Moist tender pork chops simmered in country gravy.

Comfort food

This is an easy way to whip up scrumptious tender pork chops with some fresh ingredients and help from condensed soup.  It is definitely comfort food, easy to make and a crowd pleaser.  You can use any cut of pork chop, which ever you like.

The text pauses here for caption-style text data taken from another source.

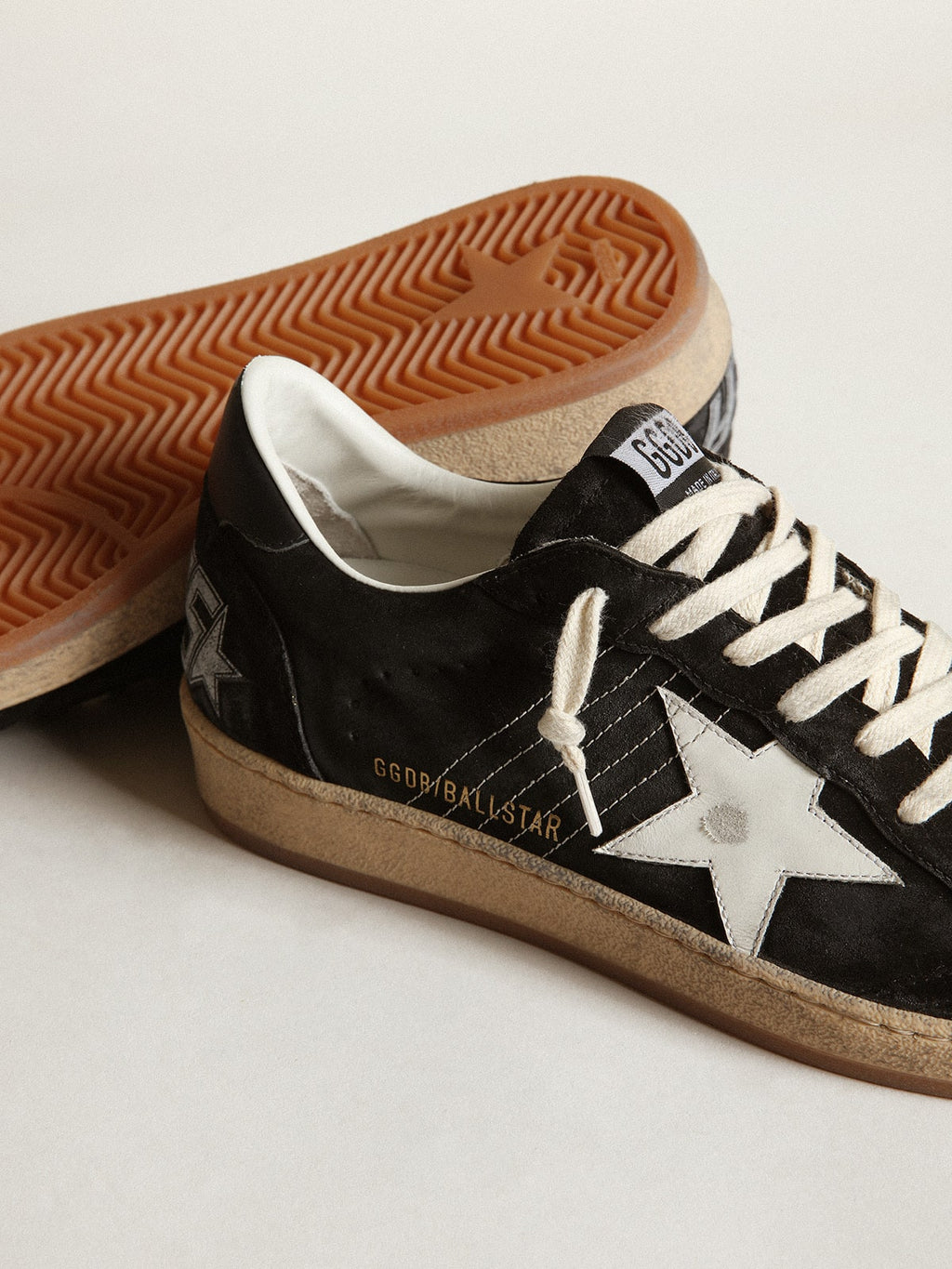Ball Star homme en daim noir avec étoile en cuir blanc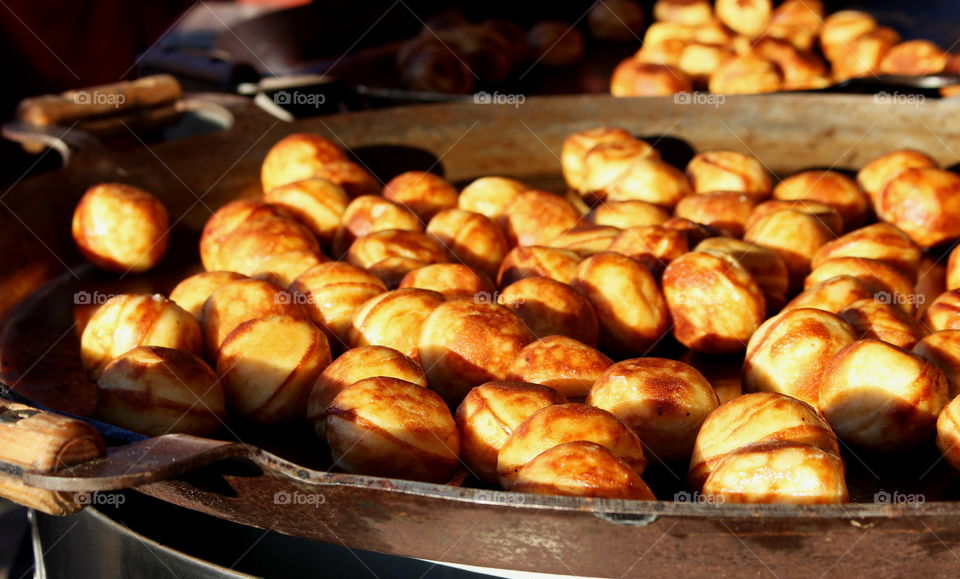 Christmas market, pastry.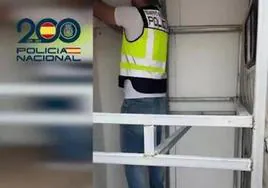 Arrestan a un policía local de Benidorm y a su hijo, agente en prácticas, en una operación antidroga iniciada en Málaga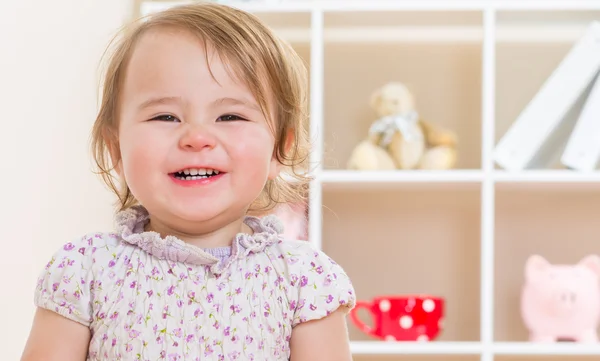 Menina criança feliz sorrindo — Fotografia de Stock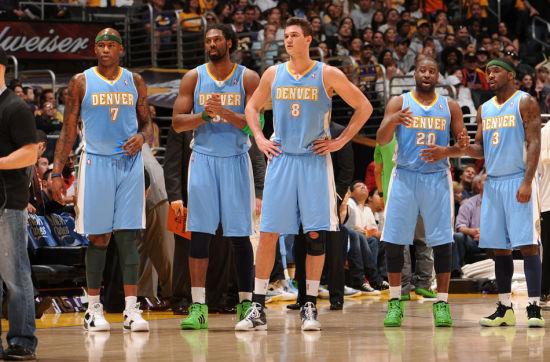 TA：阿森纳未积极推动冬窗出售球员；预计明夏将买断因卡皮耶（TA：阿森纳今冬不主动清洗，明夏或买断因卡皮耶）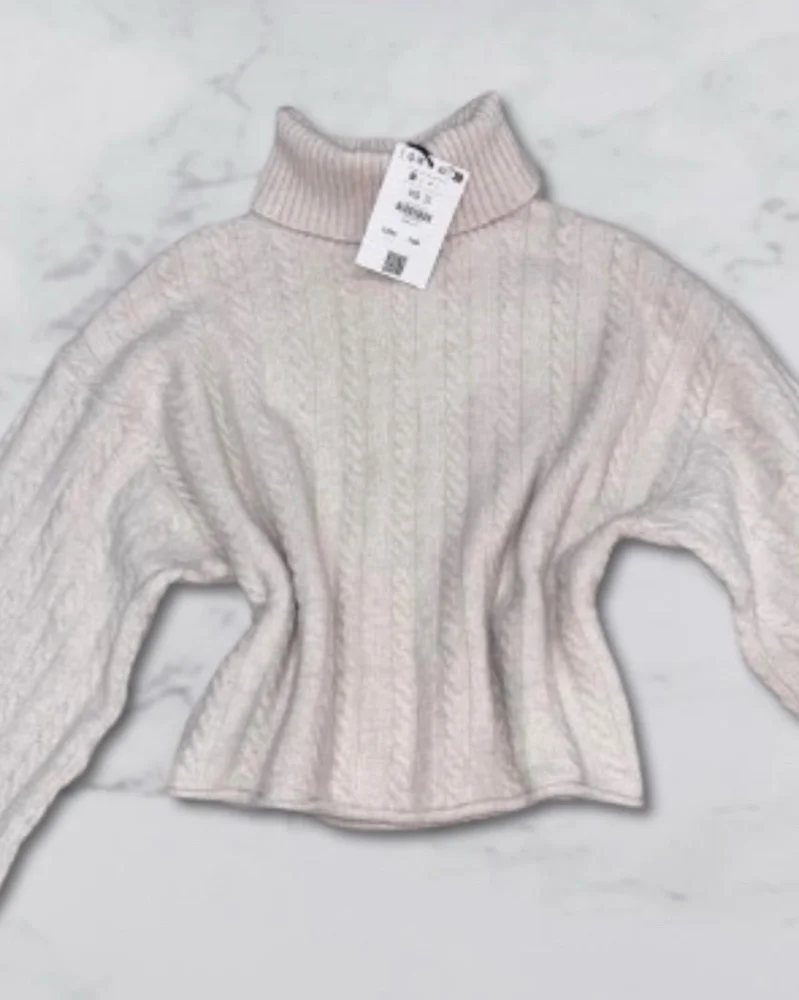 Bershka سويترات وبلوفرات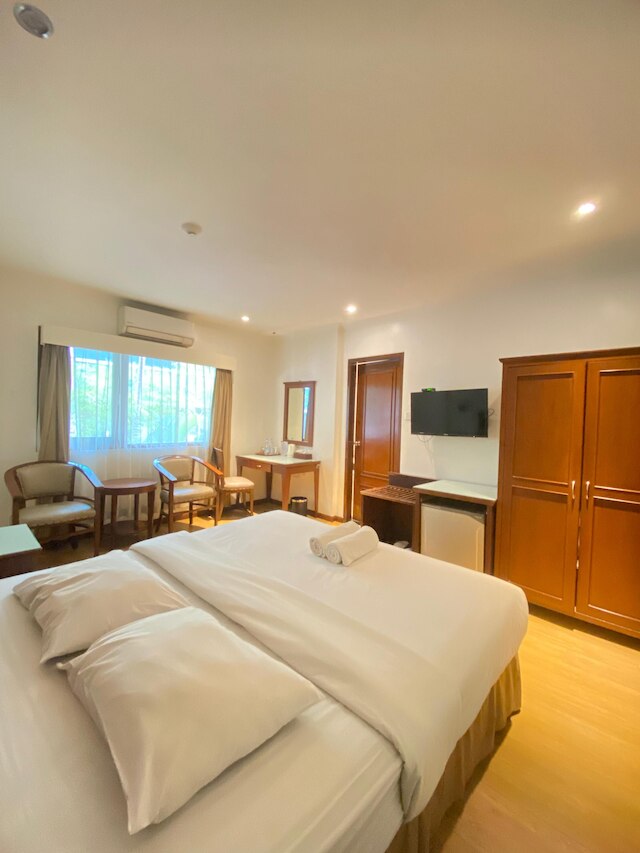 シプタ ホテル ワヒド ハシム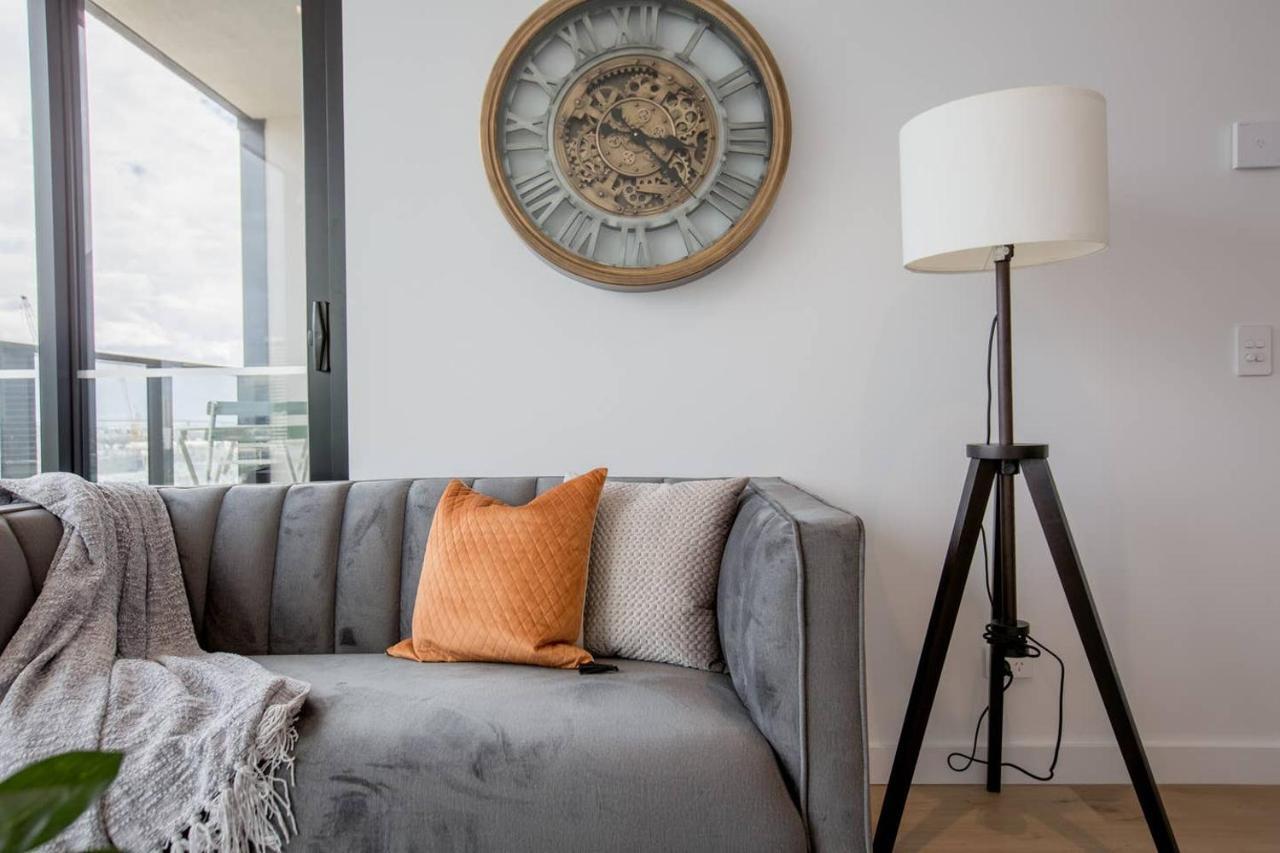Apartment Delightful 2br Riverview@docklands Melbourne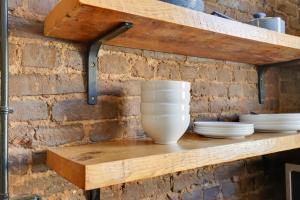 Convenient Couples Retreat in Dtwn Marshall!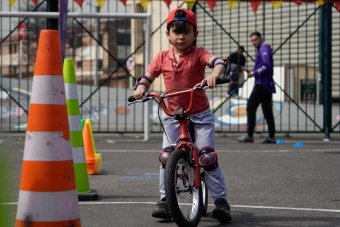 La Escuela de la Bicicleta llegó a La Candelaria y consolida su expansión en toda Bogotá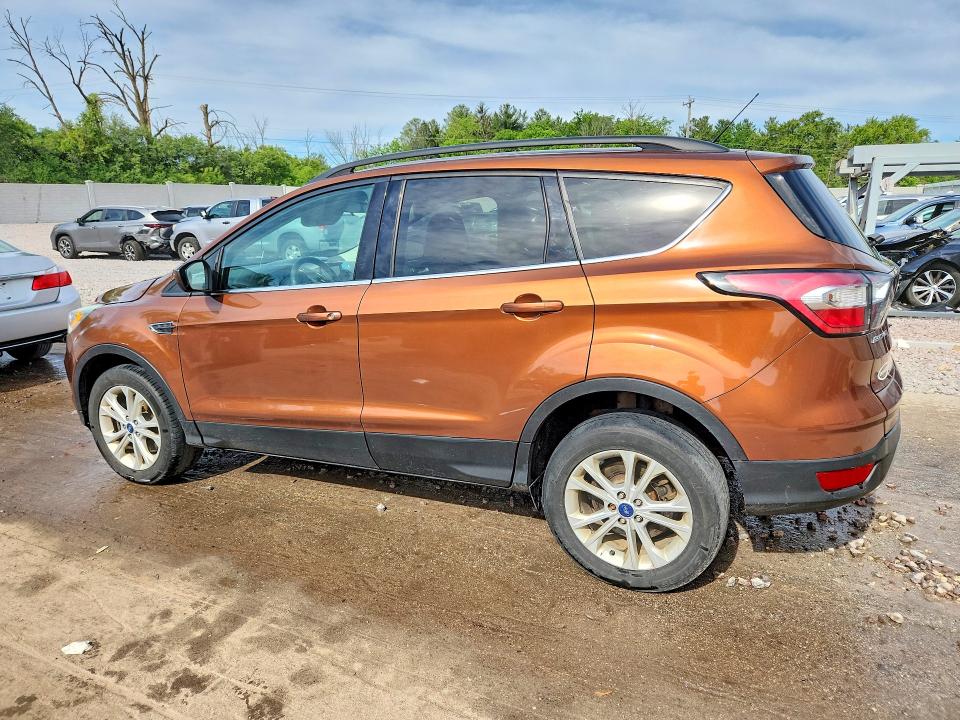 Продажа на аукционе авто 2017 Ford Escape, vin: 1FMCU9G9XHUE13893, номер лота: 55701396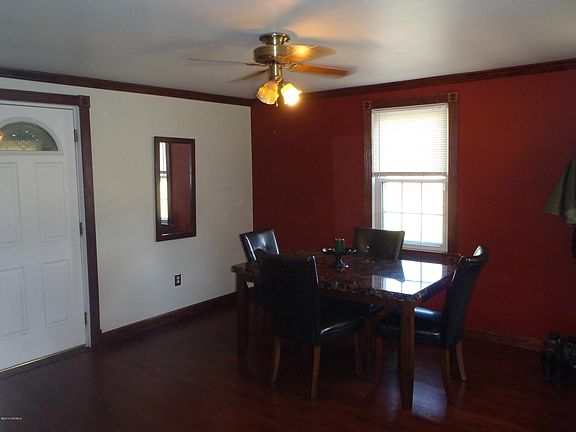 2nd image of 127 E 5th St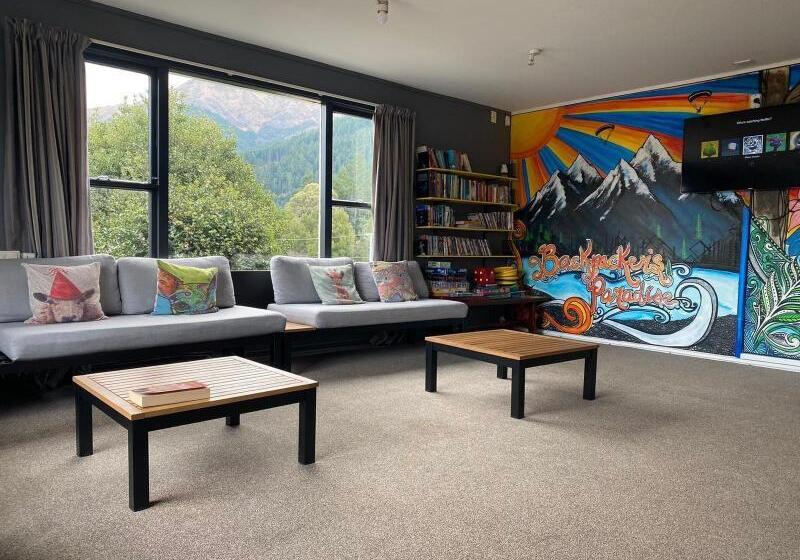 הוסטל The Black Sheep Backpackers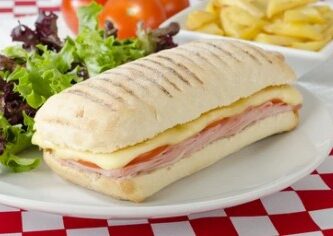 Sándwich de jamón y queso gratinado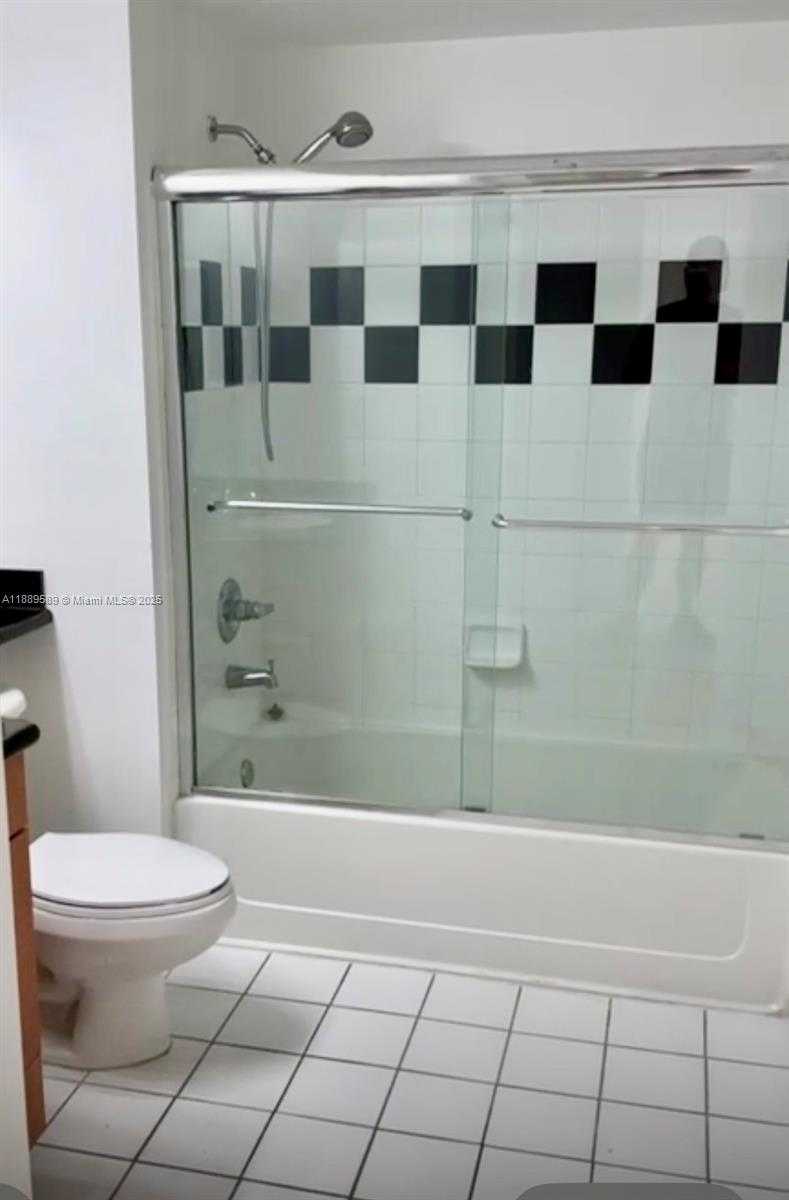 Small Image of 1330 WEST AVE #2204, Miami Beach Number 11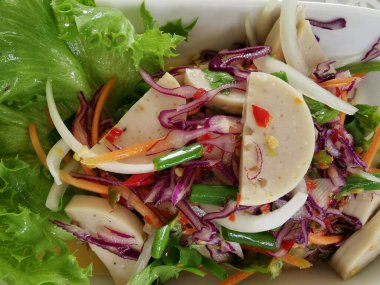 Vietnam sosisli taze sebze salatası beyaz tabakta et ve sebze, sağlıklı yemek..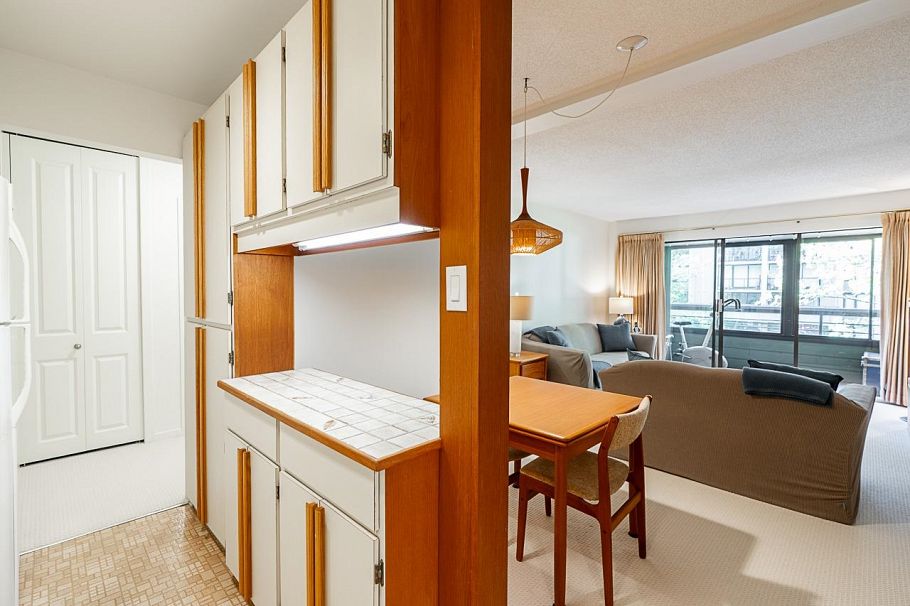 208 1355 Harwood Street Vancouver, BC - 34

Recipe: Pork Chops with Pink Mushroom Sauce

Prep Time: 10 Minutes | Cook Time: 40 Minutes | Yield: 4 servings | Level: Easy


  • 4-6 pork chops, 4 large or 6 small
  • 1/2 cup flour
  • 2-3 Tbsp vegetable oil
  • 1/2 diced onion
  • salt and pepper

Pink Mushroom Sauce

  • 1 can cream of mushroom soup
  • 1/4 cup ketchup
  • 2 Tbsp Worcestershire Sauce

1 Fire up a frying pan to med high.  Dredge chops with flour and season with salt and pepper.  Add oil and then the chops browning on both sides.
2 Toss in the onions and cook till softened.

3 Meanwhile mix all the pink mushroom sauce ingredients together in a bowl then glop over the chops. It will be pretty thick.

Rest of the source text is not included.